Some comments on the process:
- `tor-0.4.1.5` did not support two machines on the same circuit, the following
fix had to be made: https://bugs.torproject.org/tpo/core/tor/31111 .
The good news is that everything else seems to work after the small change in
the fix.
- APE randomizes its distributions. Currently, this can only be done during
start of `tor`. This makes sense in the censorship circumvention setting
(`obfs4`), less so for WF defenses: further randomizing each circuit is likely
a PITA for attackers with few downsides.
- it was annoying to figure out that the lack of systemd support in my compiled
tor caused systemd to interrupt (SIGINT) my tor process at the middle relay
every five minutes.

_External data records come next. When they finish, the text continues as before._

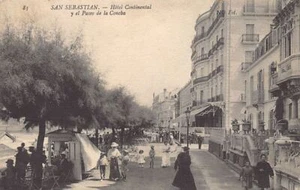 España - SAN SEBASTIÁN Guipúzcoa - Hotel Continental y el Paseo de la Concha - E - Imagen 1 de 2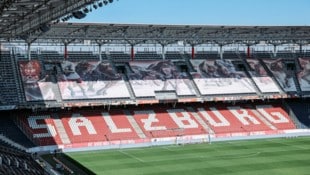 Die Nordkurve blieb bei Liefering gegen Austria Salzburg leer.
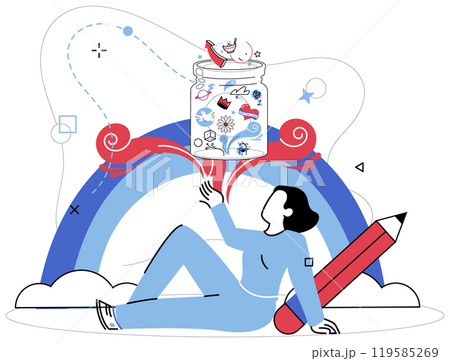 Thinking vector illustration. Imagination blossoms when thoughtful pondering meets canvas strategic solutions Thoughtful analysis is bridge connecting realms information and intelligent Thinking vector illustration. Imagination blossoms when thoughtful pondering meets canvas strategic solutions Thoughtful analysis is bridge connecting realms information and intelligent 119585269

Updated build steps above to hopefully save others the
pain.
- there's for sure some bug on relays when sending padding cells too early (?).
It can happen with some probability with the APE implementation due to
`circpad_machine_relay_wf_ape_send()`. Will investigate next.
- Moving the registration of machines from the definition of the machines to
`circpad_machines_init()` makes sense, as suggested in the circuit padding doc
draft.
Remember that APE is just a proof-of-concept and we make zero claims about its
ability to withstand WF attacks, in particular those based on deep learning.